MongoDB: When Primary fails

1.8k views Asked by At

I would like to understand what guarantees, if any does MongoDB provide as it relates to durability of data in a scenarios when Primary fails permanently or temporarily, or when it becomes separated at the network level from the rest of the replica set.

I understand what happens with w:1 write concern. I understand the role of journaling.

I do not understand how MongoDB decides which writes to keep and which to discard when a new primary is selected. In a 4-node (+arbiter) cluster, with N1 being primary and N2, N3, N4 secondaries, under this scenario:

  1. {w:majority, j:true} write hits the Primary.
  2. Secondaries poll for changes, primary waits for majority to confirm.
  3. N2 confirms the change.
  4. N3 has received the change and is in process of applying it.
  5. Primary goes down.
  6. N3 is unable to confirm to Primary it has applied the change.
  7. Election is forced.

Questions:

  • Will the write be available after election completes?
  • Does it matter what node will become a new primary?
  • Are results different if step #4 did not occur?
  • Are results different if Primary has received confirmation from N3?
  • Are results different if Primary has acknowledged the write, and N2 replicated the fact the write was confirmed by majority?
  • Are results different if both N2 and N3 replicated the fact that the write was confirmed by majority?
1

There are 1 answers

1
Joe On BEST ANSWER

First some background:

A mongodb replica set uses an operations log for replication. Each write at the primary is appended to the oplog.

Each secondary node queries its sync source for oplog entries, retreiving and applying them in batches.

Oplog entries are idempotent, and must be applied in order.

Before writing entries to the oplog itself, they are first written to the journal.

If a node crashes while applying a batch, it is safe to replay the entire batch from the journal, since each entry is idempotent.

Members report to each other the identifier of the most recent oplog event they have applied.

Since oplog events must be applied in order, this means that each node has applied all entries prior to the reported entry, and none since.
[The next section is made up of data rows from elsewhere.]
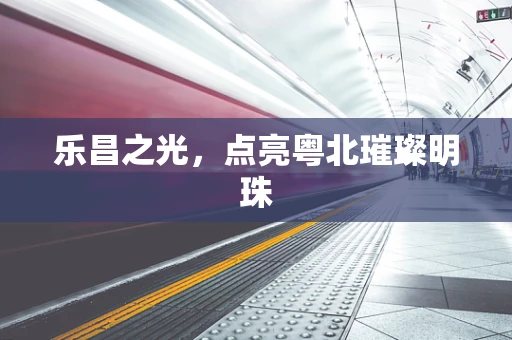 乐昌之光，点亮粤北璀璨明珠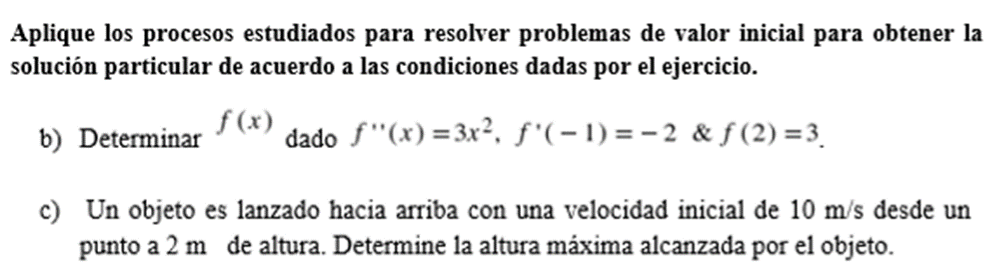 Aplique los procesos estudiados para resolver problemas de valor inicial para obtener la solución particular de acuerdo a las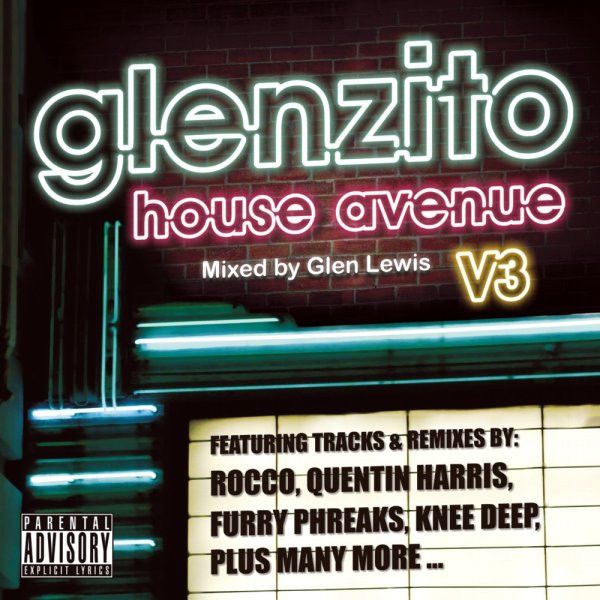 Glenzito House Avenue - Mixed By Glen Lewis (CD) [2006] Tracklist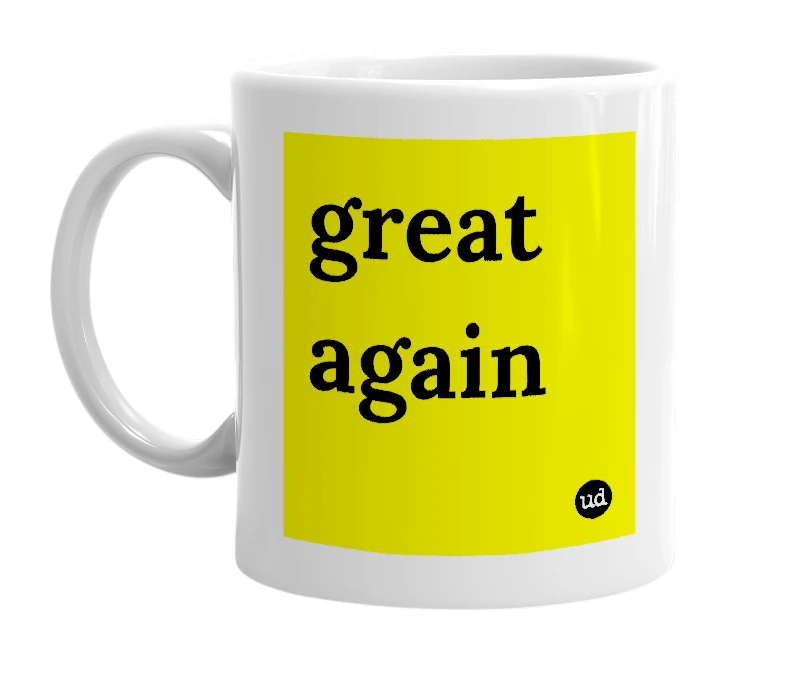 White mug with 'great again' in bold black letters
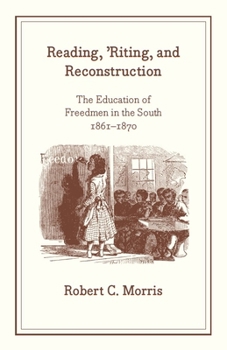 Paperback Reading, 'Riting, and Reconstruction: The Education of Freedmen in the South, 1861-1870 Book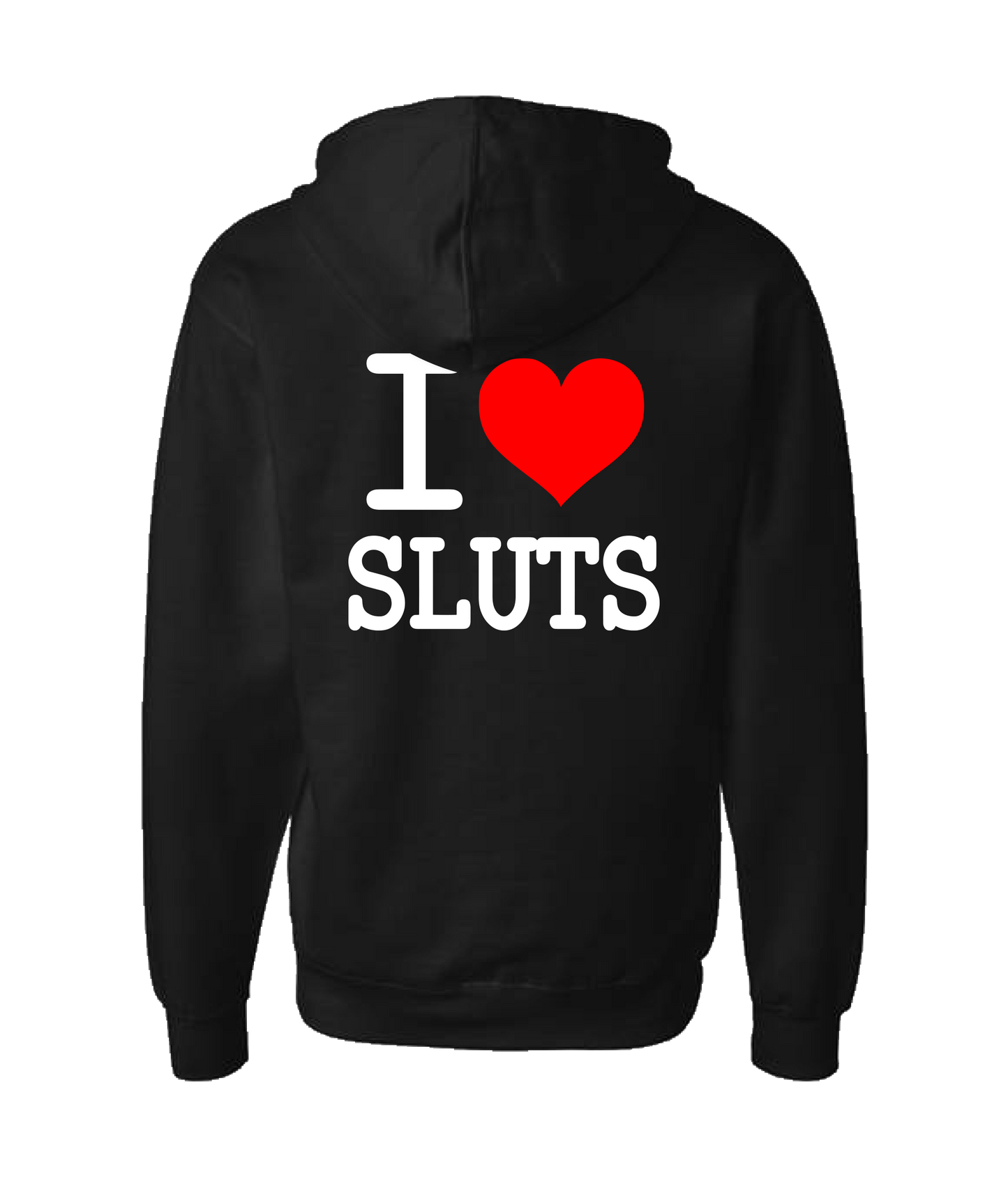 iheartgrafix - I Heart Sluts - Black Zip Up Hoodie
In a 5-node replica set, the majority is 3 nodes. The primary will not acknowledge to the client/application that a w:majority write has completed until a majority of the nodes report their oplog has reached or passed the point where the write was added.
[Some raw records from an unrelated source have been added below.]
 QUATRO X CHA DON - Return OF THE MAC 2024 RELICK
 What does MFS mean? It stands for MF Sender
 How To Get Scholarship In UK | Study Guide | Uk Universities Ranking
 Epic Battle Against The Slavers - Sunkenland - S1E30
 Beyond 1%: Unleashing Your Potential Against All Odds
Each node in a replica set monitors each of the other members.

If the primary realizes that it cannot communicate with a majority of the voting nodes, it will step down to secondary.

If a secondary does not have any communication to/from the primary for several seconds (10s by default), it will call for an election.
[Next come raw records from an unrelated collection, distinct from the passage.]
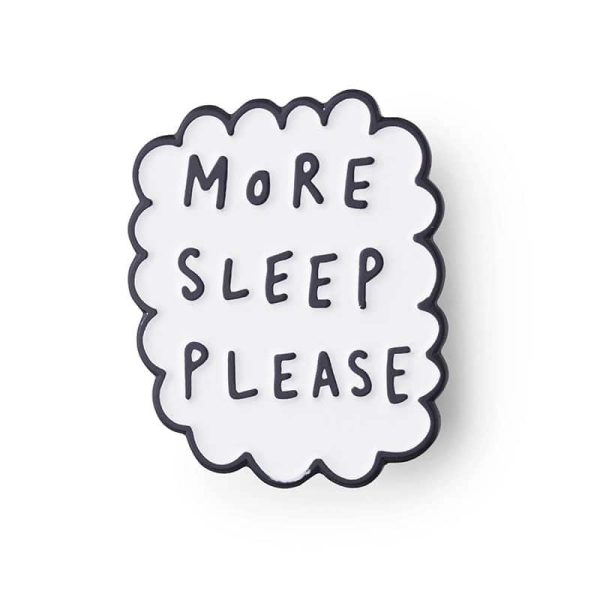 More Sleep Please speech cloud pin badge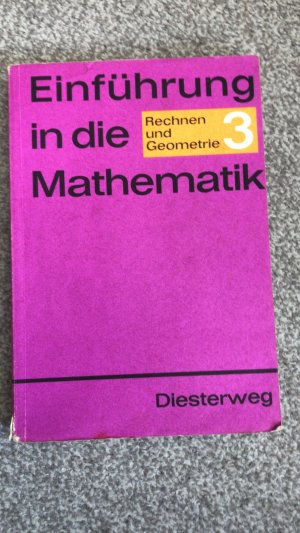 Einführung in die Mathematik für allgemeinbildende Schulen - Rechnen und Geometrie 3 - Ausgabe C - für das 7. Schuljahr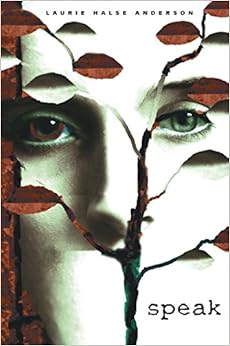 Speak, by Laurie Halse Anderson Speak, by Laurie Halse Anderson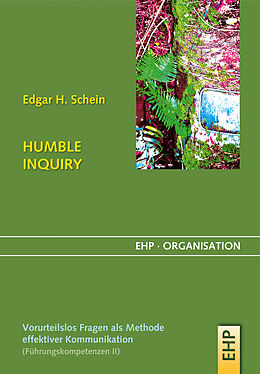 Fester Einband HUMBLE INQUIRY von Edgar H. Schein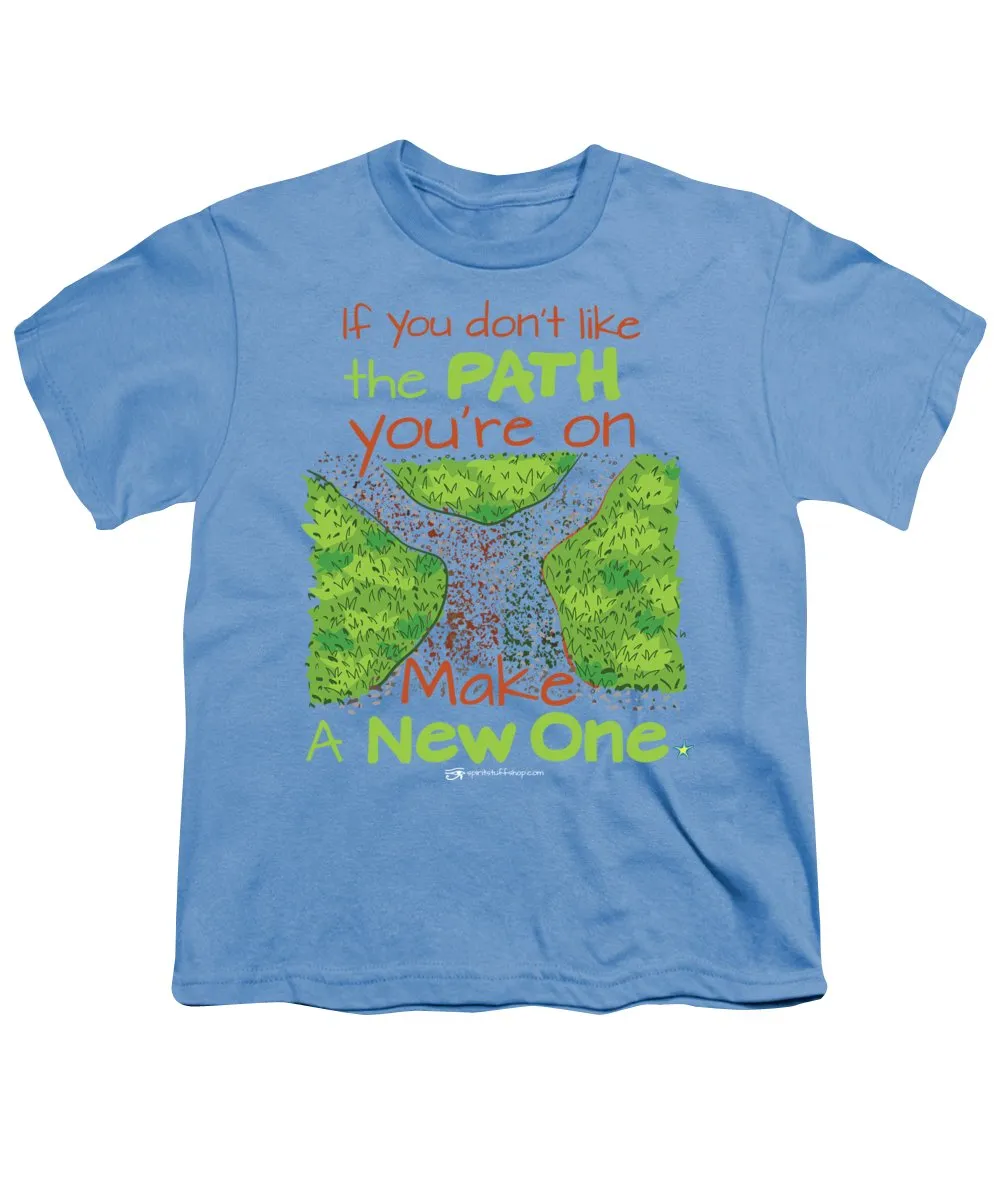 Make A New Path - Youth T-Shirt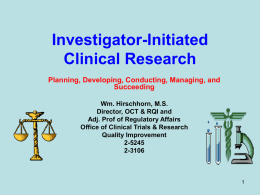 Investigator-Initiated Clinical Research Planning, Developing, Conducting, Managing, and Succeeding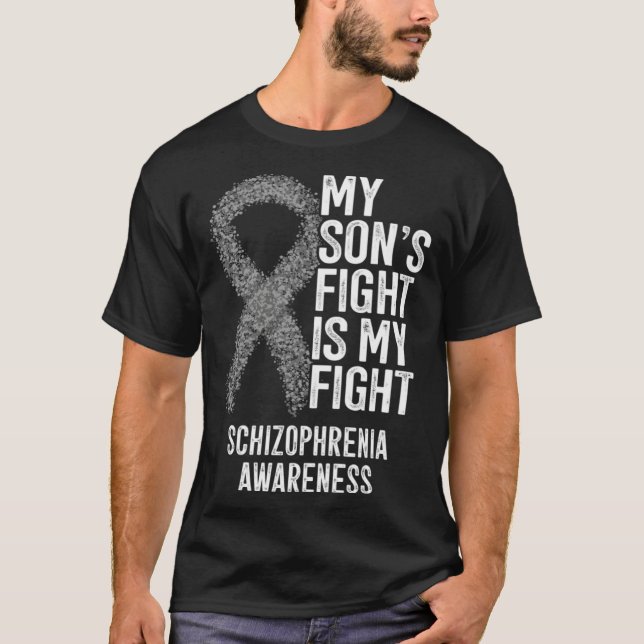 My Son s Fight Is My Fight Schizophrenia Awareness T-Shirt (Front)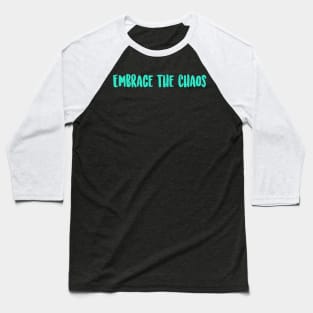 Embrace the Chaos Baseball T-Shirt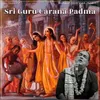 About Sri Guru Carana Padma Song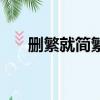 删繁就简繁的意思（删繁就简的意思）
The node calling for election will solicit votes from every replica set member.

Each member will usually vote "Yes", a couple of reason they may vote "No" are:

  • The most recent oplog entry of the candidate is not equal to or more recent than the other nodes
  • The node has current communication with a primary node that is equal or greater priority than the candidate

If the candidate node receives enough 'Yes' votes to constitute a majority of the voting nodes in the replica set, it transitions to primary and beings accepting writes.

Each election increments the term value of the replica set. If the primary receives a heartbeat or other message from one of the other nodes that contains a higher term than when it was elected, it immediately steps down to secondary.

In your scenario:

{w:majority, j:true} write hits the Primary.

The primary will:

  • apply the write to its local copy of the data set
  • write the operation to the journal
  • write the operation to the oplog

Let's say the primary's oplog now contains:

Time operation
T1 create collection
T2 create index
T3 insert document 1
T4 insert document 2
T5 update document 1
T6 insert document 3

I will use the update at T5 as the w:majority write.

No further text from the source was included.